Undergrad Asymptotics for finding the successors in a Binary Tree

[mooncrater]

Consider the algorithms :

TREE-SUCCESSOR(x)
1. if x.right_child !=NIL
2.        return TREE-MINIMUM(x.right_child)
3. y=x.parent
4. while y != NIL and x == y.right_child
5.        x = y
6.        y = y.parent
7. return y

TREE-MINIMUM(x)
1.  while x.left_child != NIL
2.         x = x.left_child
3.return x

This algorithm finds the successor of an element in a Binary Search Tree. Here, x is the pointer to the node whose successor we have to find, and TREE-MINIMUM(x) finds the minimum in a tree whose root is x. The running time of this algorithm is $O(h)$, where h is the height of the tree.

Now the question is:

Prove that no matter what node we start at in a height-h binary search tree, k successive calls to TREE-SUCCESSOR take $O(k+h)$ time.(where h is the height of the tree.)
(clrs 12.2-8)
I've assumed that "successive calls" mean that we find the successor of the element, which came out to be the successor in the last use of TREE-SUCCESSOR.
Now, we know that in a BInary Search Tree, the left most element is the least element. Thus, starting from the leftmost element.

In this image, we've a tree of height 3. When we start from the left-most node, we get the following number of loop runs for successive elements:
$1,1,2,2,1,1,3,3,1,1,2,2,1,1$
thus we can group sub-parts of this sequence :
$(1,1,2,2,1,1),3,3,(1,1,2,2,1,1)$
For maximum number of total loop runs for k successive calls, we start from the $3,3$, i.e. the $h,h$, where h is the height of the tree.For example,
If $k=2$
then we take the $3,3$
If $k=4$ then we include the $1,1$ from either of the sides.
Similarly, if $k=8$ we take one of the $2,2$ from either of the sides.
Now, we assume that $(1,1,2,2,1,1)$ are whole blocks, and that the sequence is symmetric, so it's basically the two times of:
$3,1,1,2,2,1,1$
Thus generally, two times of:
$h,1,1,2,2,1,1,h-1,h-1,1,1,2,2,1,1,h-2,h-2,...$
Since, I halved the sequence, values of $k$ are also halved.
Thus an approximate value of this summation would be:
$$ 2 \times \frac {(k/2 -1)} {6} \times 8 + 2 \times (\frac { k/2} {8})( h + \frac { k/2} {8} -1 ) $$
Number of such blocks are : $2 \times (\frac { k/2 -1} {6}) \times 8$
as we go through the halved sequence, we used $k/2$ and multiplied by 2. Since there are 6 elements in each block and their sum is 8, therefore division by the former and multiplication by the former is done.
We tackle the $h,h-1,h-1,h-2,h-2$ by finding the number of such terms, i.e $\frac { k/2 }{8}$ and the summation of such terms is done using the summation of an Arithmetic progression.(Though only $h$ is used, instead of $2\times h$.)
This summation yields an upper bound of $O(k\times h)$ instead of $O(k+h)$.
So, where am I wrong? Any help appreciated.

 

[mfb]

Your approximation is not strong enough. In your half-tree, h occurs only once, h-1 occurs only twice, and so on. You can use this to derive a stronger bound (you can also find the precise number of steps).

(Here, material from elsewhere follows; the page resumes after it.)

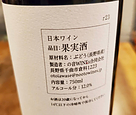 ノオトワインズ レストラン 赤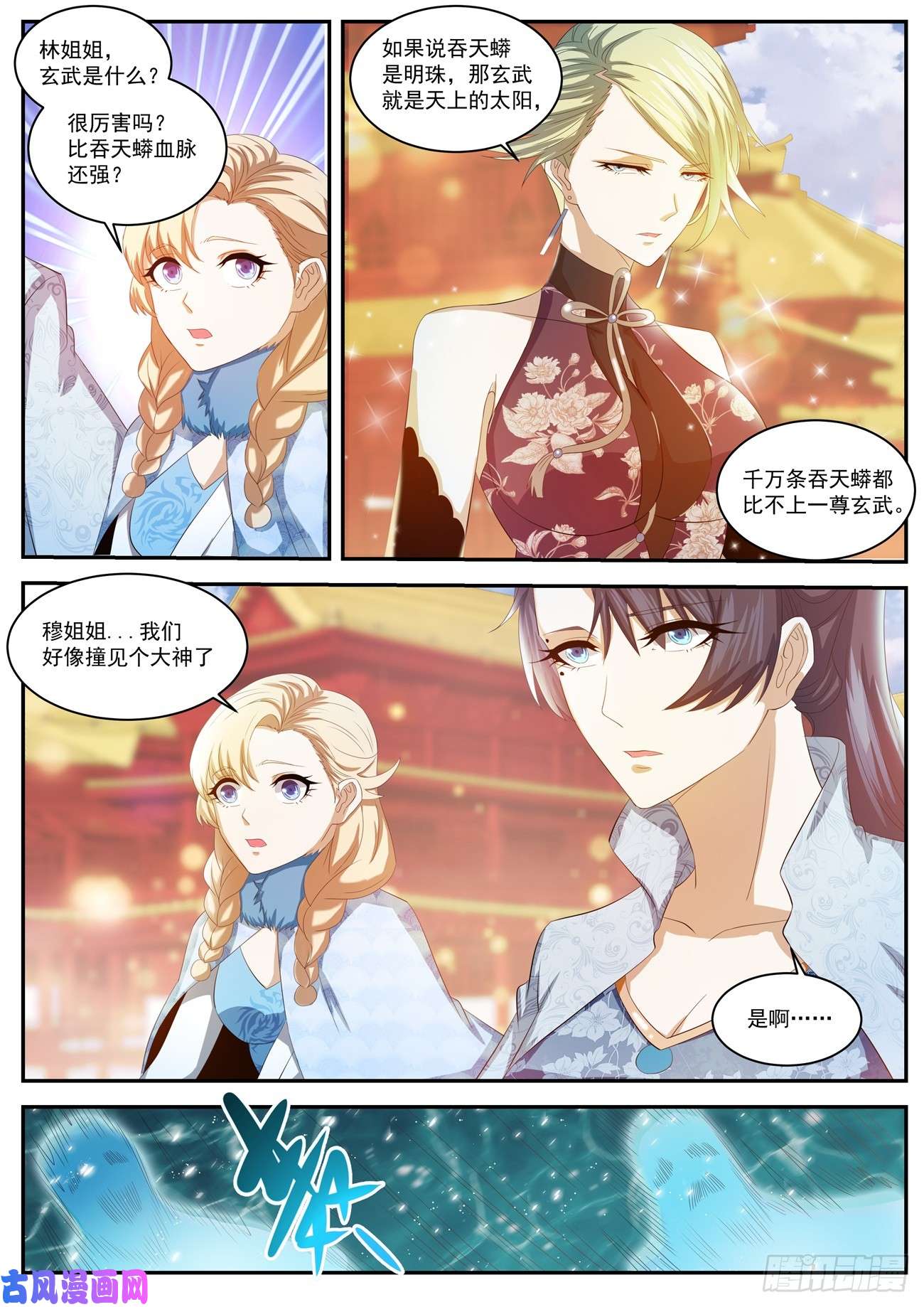 重生之都市修仙第437话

Note that it is not sufficient to just consider the case where k is the whole range of the tree, O(h+k) should hold for every range in it as well.

 

[mooncrater]

Note that it is not sufficient to just consider the case where k is the whole range of the tree, O(h+k) should hold for every range in it as well.

Well, that's what I tried to do. Instead of taking the whole range of the tree, I considered a range $k$ that is less than $n$ (the total number of elements), By starting from the elements who need $h$ loop runs, in order to find their successor. And as $k$ increases, I included other elements from the left and right. This was done to find an upper bound of the summation.

Your approximation is not strong enough. In your half-tree, h occurs only once, h-1 occurs only twice, and so on. You can use this to derive a stronger bound (you can also find the precise number of steps).

But, I did count them in the second summation. Should I only count them? It's not clear to me, can you please elaborate?
Thanks for replying though. :)
Moon

 

[mfb]

I would first show that going through the full tree is O(k+h), then showing that going through more than half of the whole tree is O(k+h), then show that you can split every other sequence into those cases plus O(k+h) steps overhead.